I am, dear Sir, with great regard,
Your much obliged,
[And I hope by your compliance with my earnest request to be your much more obliged]
And obedient humble servant,
⸺.
Another Dedication was submitted to the noble Lord’s deliberation, but neither did this altogether satisfy him, as appears from the following expression of his opinion.
Dear Sir,
I scarce know how to reply to your new flattering proposal. I am afraid of appearing guilty of affected modesty, and yet I must beg your pardon, if I most sincerely and seriously entreat you to drop all thoughts of complimenting me, and my house and collection. If there is truth in man, it would hurt, not give me satisfaction.
If you could see my heart, and know what I think of myself, you would be convinced that I think myself unworthy of praise, and am so far from setting value on any thing I have done, that could I recall time, and recommence my life, I have long been persuaded, that, thinking as I do now, nothing would induce me to appear on the stage of the public.
Youth, great spirits, vanity, some flattery, (for I was a Prime Minister’s son) had made me believe I had some parts, and perhaps I had some, and on that rock I split; for how vast the distance between some parts and genius, original genius, which I confess is so supremely my admiration, and so honest is my pride, for that I never deny, that being conscious of not being a genius, I do not care a straw in which rank of mediocrity I may be placed.

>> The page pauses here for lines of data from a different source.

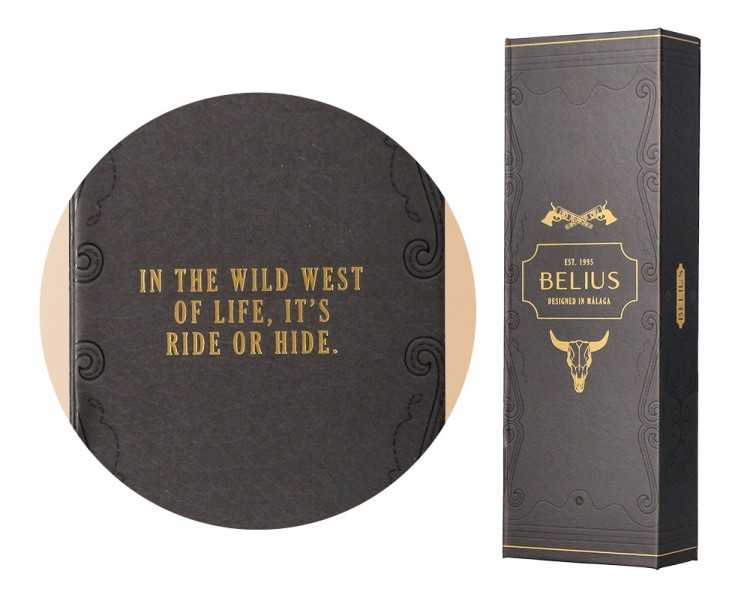 Roller belius wild west aluminio color negro dorado tinta color negro caja de diseño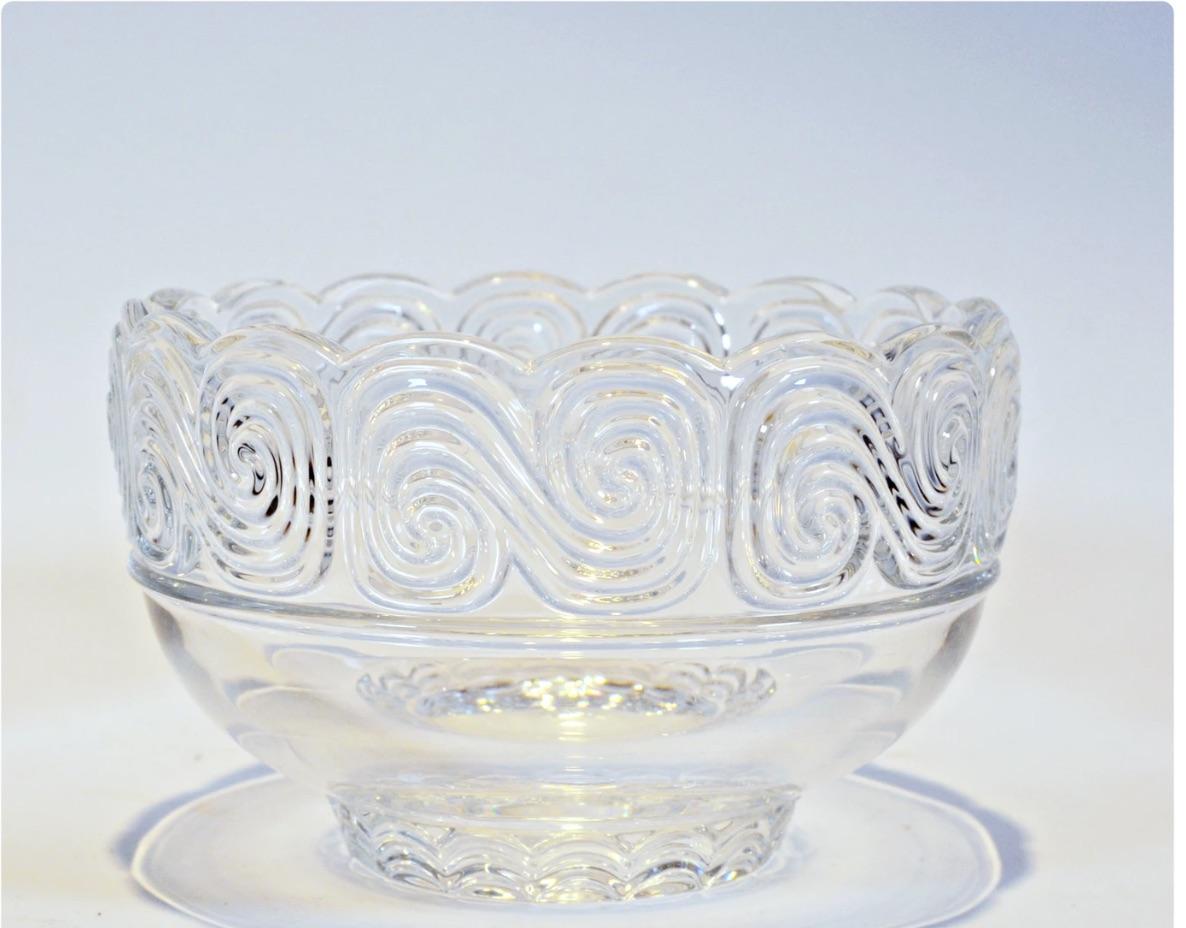 Etched Louis Comfort Tiffany Wave Crystal Bowl  circa 1950 For Sale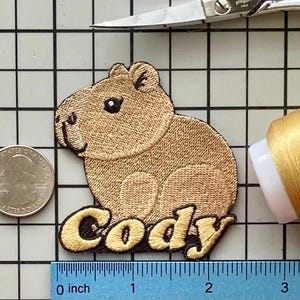 Personalized Capybara Name Patch: Custom Embroidered Iron-On Applique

I tried before I was capable of judging myself, but having carefully examined and discovered my extreme inferiority to the objects of my admiration, I have passed sentence on my trifles, and hope nobody will think better of them than I do myself and then they will soon obtain that oblivion, out of which I wish I had never endeavoured to emerge.
All this I allow, Sir, you will naturally doubt, yet the latter part of my life has been of a piece with my declaration. I have not only abandoned my mistaken vocation, but have been totally silent to some unjust attacks, because I did not choose my name should be mentioned when I could help it. It will be therefore indulgent in a friend, to let me pass away unnoticed as I wish, and I should be a hypocrite indeed, (which indeed I am not) if it were possible for me to receive compliments from a gentleman, whose abilities I respect so much as I do yours. I must have been laying perfidious snares for flattery, or I must be sincere. I trust your candour and charity will at least hope I am the latter, and that you will either punish my dissimulation, by disappointing it, or oblige me, as you will assuredly do, by dropping your intention. I am perfectly content with the honour of your friendship, and beseech you to let these be the last lines that I shall have occasion to write on the disagreeable subject of ⸺.
Dear Sir,
Your obedient humble servant,
⸺.
Means were contrived to appease the apprehensions and satisfy the scruples of the venerable Peer. The work was published under the sanction of his name, and is now out of print.
That he did like the Dedication in its ultimate form, appears from the following.
Dear Sir,
I beg a thousand pardons for not returning your Preface, which I like much, and to which I could find but one very slight correction to make, which I have marked with pencil. But I confess I waited anxiously for an assurance from you, that you would suppress the intended Dedication, which I should have been extremely sorry to have seen appear. I have this moment received that promise, and am infinitely obliged by your compliance.
I shall be in town on Saturday, and happy to see you in Berkeley-square, when you shall have a moment to bestow on
Your obedient servant,
⸺.
Animus quod perdidit optat,
Atque in præterita se totus imagine versat.